Pasa la vida por la llanura placentera del descubrimiento de nuevas novelas y de viejos escritores, de saber que cantantes de antaño eran más que una canción, de conocer nuevas síntesis y relatos inesperados del pasado, de sentir un verano sostenido por primera vez en tres años y volver a saber del calor y de atardeceres de colores.
Así nos llega la mitad de año bajo la tiranía de las vacaciones del norte, la repetición de los capítulos vistos de las series de televisión y la vacuidad de la prensa que también manda su seriedad a la playa.

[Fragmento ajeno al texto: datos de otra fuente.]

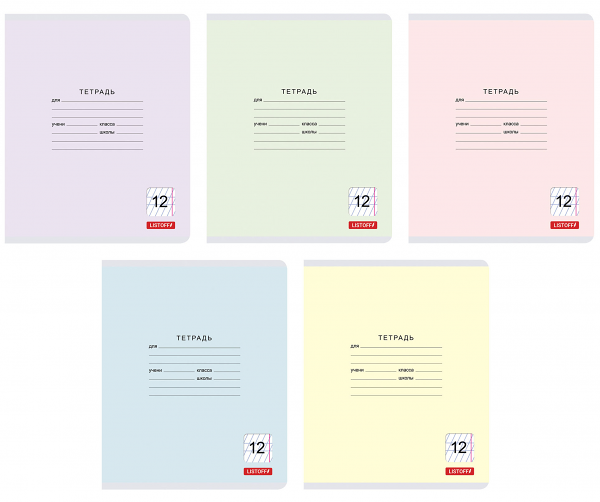 Тетрадь Listoff в линейку А5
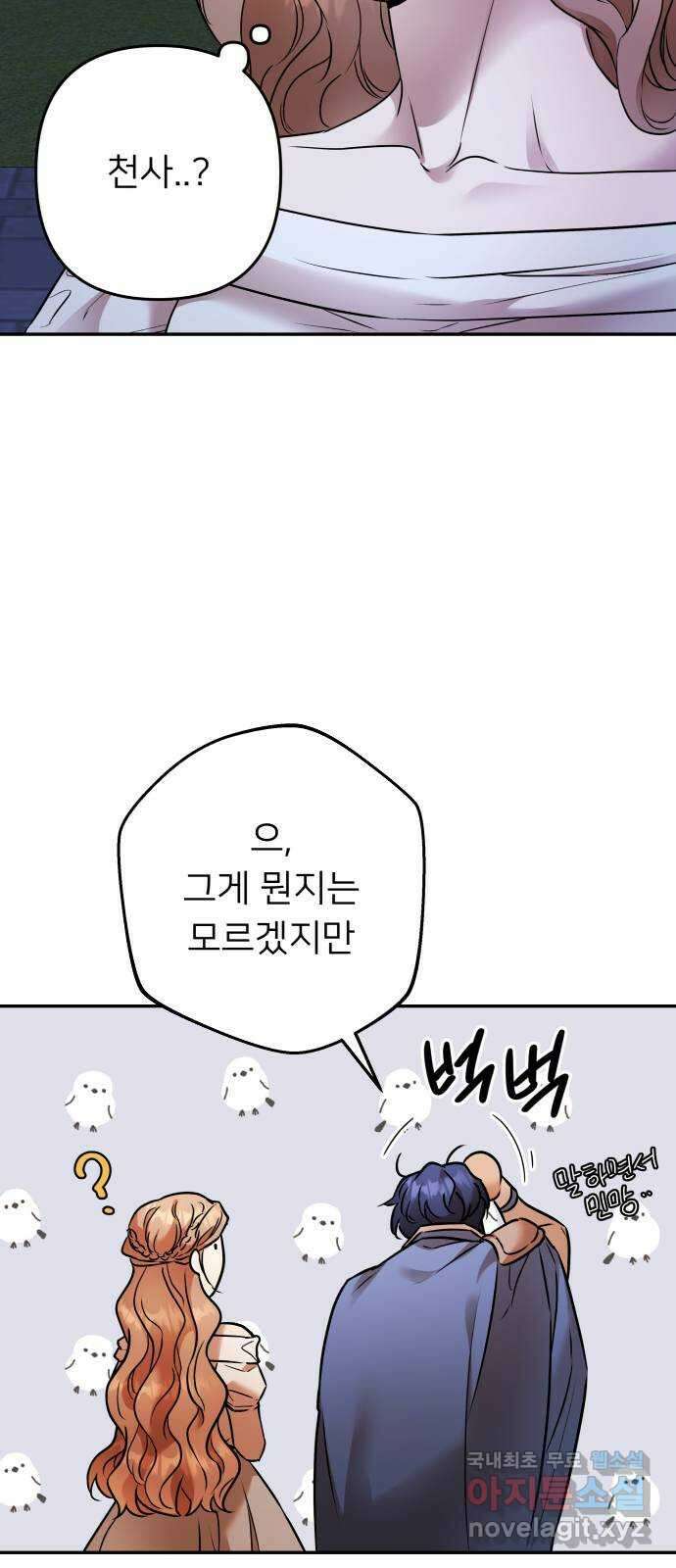 아가사 101화 빛으로 모이리라(3) 45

Empieza esa horrible sensación de pensar que la única novedad es el campeonato colombiano de fútbol, el primero del mundo en lentitud y desgano, el más densamente poblado por árbitros incapaces y analistas mediocres.
Hasta que un domingo como cualquiera otro abre su tarde generosa y el sol del poniente pega contra el cemento y los acrílicos de las graderías que empiezan a enrojecerse con la lealtad cierta de las mismas veinte mil almas de siempre, y norte se llena de trapos saturados de x (las x del anonimato, la humildad y la resistencia). Entonces se despierta el sentimiento antiguo y el corazón se levanta y ya no somos nosotros cuando aparece en la cancha una fila india de once muchachos vestidos con la camiseta sagrada.
Es uno de los sentidos que tiene la vida.